CAUSA con costa
Schettino controla legge Fornero
Genova - In una causa di lavoro in cui si parla di tutto tranne che di lavoro, i (sinistri) giochi di parole si sprecano e richiamano di continuo il vero convitato di pietra di questo processo: il naufragio del Giglio. C’è la gaffe dell’avvocato di Francesco Schettino, che in questa sede, dove ieri non si è presentato, veste i panni del lavoratore licenziato ingiustamente: «Siamo tutti sulla stessa barca», dice il legale. E non si riferisce alla Concordia, ma alla “legge Fornero”, che adesso rischia di essere letteralmente affondata dal grande imputato del disastro in cui hanno perso la vita trentadue persone.
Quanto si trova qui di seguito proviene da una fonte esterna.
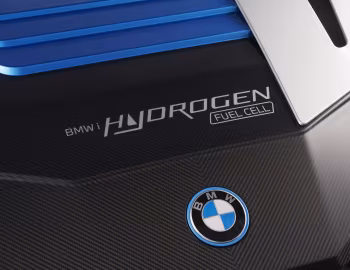 Під капотом BMW iX5 Hydrogen (G05) '08.2022–н.ч.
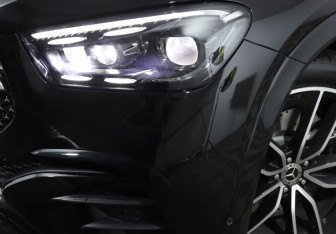 Подержанный автомобиль Mercedes-Benz GLE 2025 года (20 фото)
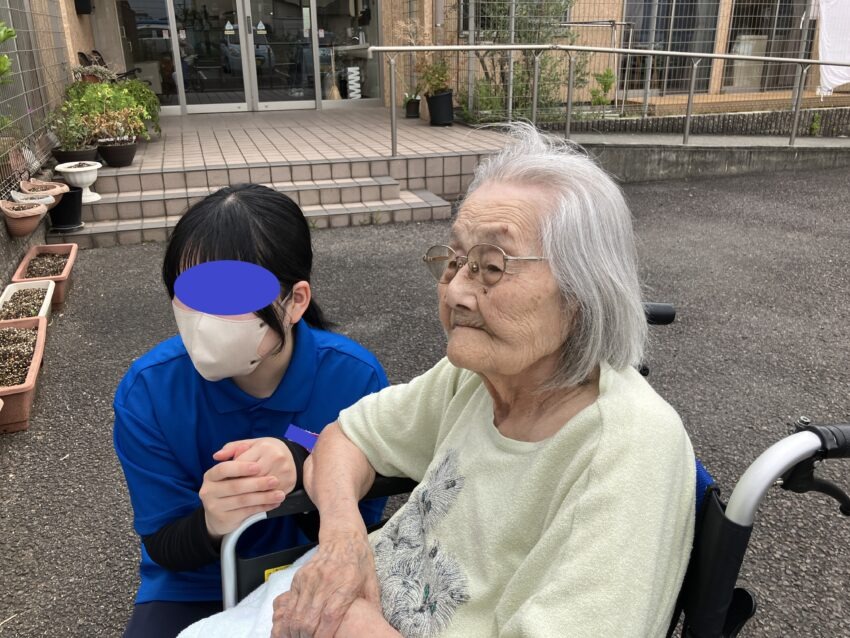 大学生が実習に来てくださいました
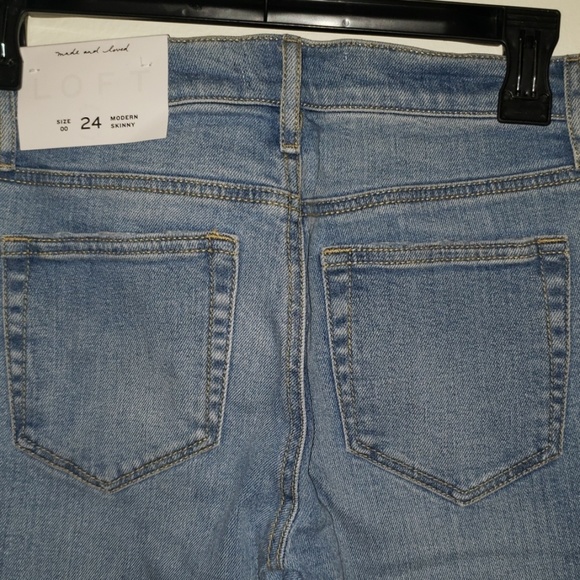 Womens LOFT Modern Skinny Blk Rose Embellish Jeans - Picture 7 of 7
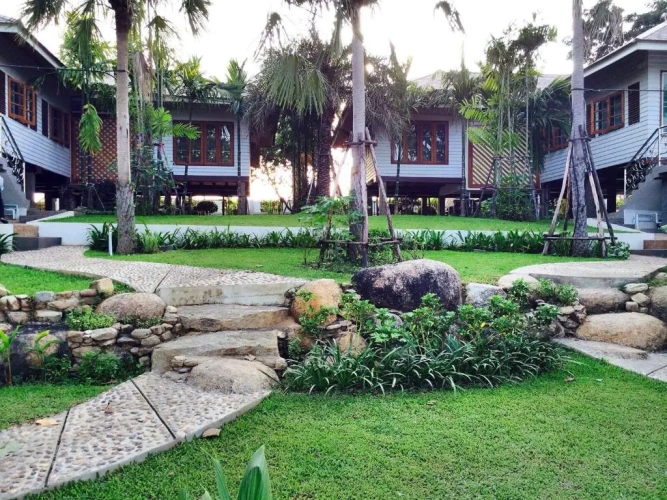 Double Cottage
È iniziata ieri, in un’aula insolitamente affollata, la controversia tra impresa e dipendente più seguita del momento. Da un lato c’è Francesco Schettino, il comandante che abbandonò la nave, protagonista suo malgrado di quel «ritorni a bordo, cazzo!”» intimatogli dal capitano di fregata Gregorio De Falco, lo stereotipo del marinaio italiano refrattario alle responsabilità, divenuto così famoso da finire persino nelle battute amare del David Letterman Show. Dall’altro c’è Costa Crociere, la società da cui dipendeva, che dopo la tragedia avvenuta a largo dell’isola toscana lo ha silurato.
Qui, di fronte al giudice del lavoro di Genova, Francesco Schettino è (o vorrebbe essere) solo un comune lavoratore che ritiene di aver subito un torto dal padrone. «E tra l’altro è senza stipendio da febbraio», dice una sola volta il suo difensore Rosario D’Orazio. Il suo j’accuse punta dritto al modo scelto dalla compagnia per sbarazzarsi dell’ingombrante Schettino: il cosiddetto “rito Fornero”.
In parole semplici si tratta di un articolo della nuova riforma sull’impiego del governo Monti che velocizza i tempi della giustizia in questo tipo di cause, per snellire eventuali reintegri. Problema: «In teoria - argomenta D’Orazio - È stata concepita per aiutare i licenziati, non il contrario». Secondo problema: «Se avvantaggiasse una parte sull’altra - replica Camillo Paroletti, giuslavorista che rappresenta Costa Crociere - Sarebbe incostituzionale».
Che fare dunque? Il giudice per il momento si è riservato e ha rinviato la decisione al 9 gennaio. Ma esiste una possibilità molto consistente che il dilemma venga sottoposto alla Corte Costituzionale. Tanto più che l’ambiguità della legge sembra essere l’unica cosa che mette d’accordo accusa e difesa.
Nelle settimane scorse Schettino aveva provato a cercare una mediazione con la compagnia. Prima attraverso una lettera indirizzata alla Direzione provinciale del lavoro genovese, poi richiedendo che il caso fosse valutato di fronte a un collegio arbitrale. Nessuna delle due strade ha avuto sbocco. E la possibilità di un accordo stragiudiziale, resa difficile anche da punti di partenza molto distanti, fanno sapere fonti che hanno seguito la trattativa, alla fine è sfumata.
È evidente che in ballo, in questa controversia, c’è ben di più del posto di lavoro del comandante. Schettino è al tempo stesso imputato per omicidio plurimo colposo, abbandono della nave e disastro ambientale a Grosseto, nel processo penale per la tragedia della Concordia. Superato il dubbio sulla legittimità della norma, ciò che chiede Costa di fatto è un giudizio sul merito della vicenda: era giusto licenziare Schettino? Una domanda a cui non si può rispondere senza porsi un altro interrogativo: il comandante ebbe responsabilità nel naufragio? Il parere del tribunale del lavoro, naturalmente, non sarebbe vincolante sul giudizio parallelo. Ma se arrivasse per primo avrebbe comunque un suo peso.